From the coatrack to the Coterie
Three Israeli designers showed their collections at the recent New York trade show, where success is measured by the size of your order book
It was the eve of Yom Kippur and fashion designer Philip Blau, half of husband-and-wife team Frau Blau (his wife is Helena Blaunstein), had just arrived back in Israel from Coterie, the trade fashion show held the week following New York’s famed fall fashion week.
For Blau, a veteran fashion designer in Israel with a label that is known for its often whimsical clothing — particularly the ‘ke-ilu’ or ‘as-if’ pieces: illusional dresses, skirts and tops printed with lifelike graphics — this year’s Coterie was a first, also marking the start of his business with a New York showroom.
“We’ve wanted to do this for many years but didn’t know if we could pull it off because the industry works so differently here,” said Blau, referring to the Israeli custom of working on collections within a season, rather than months ahead, as is customary in the U.S. and Europe. “People here don’t really think it can work, that it’s just too hard to make clothes for the U.S., and it’s true, it requires a lot of energy and preparation. You have to follow the American rules.”
Israel’s fashion designers, like most of the country’s entrepreneurs, have always looked abroad, hoping to find a larger audience outside the small, Sabra marketplace. Yet the burgeoning fashion design industry is still relatively new in Israel, and despite names like couture and bikini designer Gideon Oberson and swimsuit maker Gottex, most of the current fashion designers have only been in business for the last 15 years or so. Many make do selling their designs through their studio or several shops, and if a designer succeeds in selling abroad, it’s usually with the help of a distributor or showroom, as opening a brick-and-mortar store is too expensive to manage.

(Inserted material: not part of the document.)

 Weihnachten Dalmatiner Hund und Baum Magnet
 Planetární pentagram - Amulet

That said, only three Israeli labels — Frau Blau, Kedem Sasson, and Ronen Chen — participated in this year’s Coterie, the biannual trade show in which hundreds of labels show their summer and winter collections to store buyers. Taking part in Coterie is a sure sign of a designer’s success, from being able to afford the stall to knowing that buyers will take notice of and purchase pieces from the label to stock their inventories for the next season.
“It’s basically a huge industry,” said Michal Chitayat, the longtime marketing director for designer Ronen Chen, one of the first and few Israeli labels to sell in the U.S. “Lots of people have customized booths and try to recreate their own stores. It’s for well-known brands as well as totally up-and-coming nobodies.”

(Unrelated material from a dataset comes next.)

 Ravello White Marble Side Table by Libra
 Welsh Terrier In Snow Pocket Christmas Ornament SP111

Ronen Chen and Sasson Kedem — the designer behind Kedem Sasson whose label is geared more for the plus-size domain, using highly-sculpted and draped fabrics — have been selling through their New York showrooms for at least a decade. But Frau Blau entered the market this year, opening accounts at stores in the U.S. and Canada, expecting “many orders and customers,” as well as getting a write-up in trade newspaper Women’s Wear Daily, said Blau.

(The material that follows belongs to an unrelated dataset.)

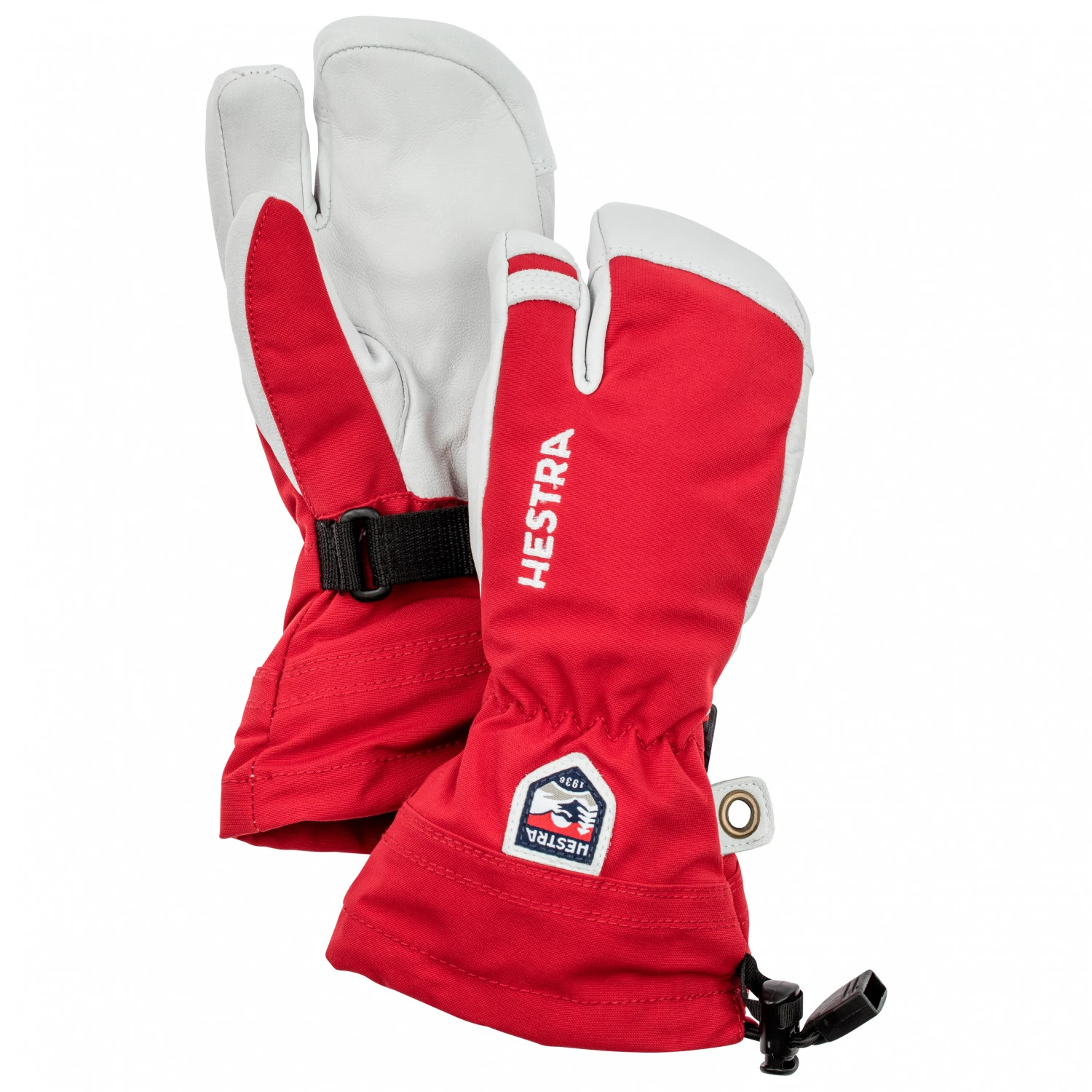 Hestra - Kid's Army Leather Heli Ski 3 Finger - Gants 4 Hestra - Kid's Army Leather Heli Ski 3 Finger - Gants – Image 4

“It was really exciting to be at the show beside Diane von Furstenberg, Anna Sui, Alice by Temperley and other top brands,” he said.
One of those “American rules” that Blau discovered on his virgin voyage through American retailing related to being told by the Coterie management at the end of the fair that he was now classified as a shirts and dresses company. For Blau, whose label produces the whole gamut of clothing — some 60 pieces that include pants, blouses, skirts, and dresses — it came as something of a surprise, but he’s prepared to follow along.
“It doesn’t hurt me in what I will design,” he said. “This has pushed us up a notch.”
LIke Ronen Chen and Kedem Sasson, Frau Blau is working in several markets, including Israel, the U.S., Europe — and Russia, which is where both Blau and Blaustein hail from originally.
“We’re still a very small company but all of a sudden we find ourselves trying to amend our designs to different markets,” he said. “It’s a wide collection, and customers choose what they like. Certain cuts work everywhere, but it’s colors that differ from place to place, with some countries preferring the bolder colors, while others tend toward more mild shades. We can’t make separate collections, so we play with the things that people love.”
There tend to be more people trying to sell than there are people who want to buy at Coterie, said Chitayat, adding that the Ronen Chen team uses the opportunity to open the season, gathering all six of the Ronen Chen showrooms to meet, brainstorm and show the new collection.
For the Israelis, the trade fair also comes at a difficult time of year, always falling on or around Rosh Hashanah, a matter of some consternation for the Israelis and their American Jewish colleagues.
“You have to gauge whether it’s worth your while, whether your label will retail well,” said Chitayat. “If you had a good collection in the store for the winter, then you know they’re going to come see your summer collection now.”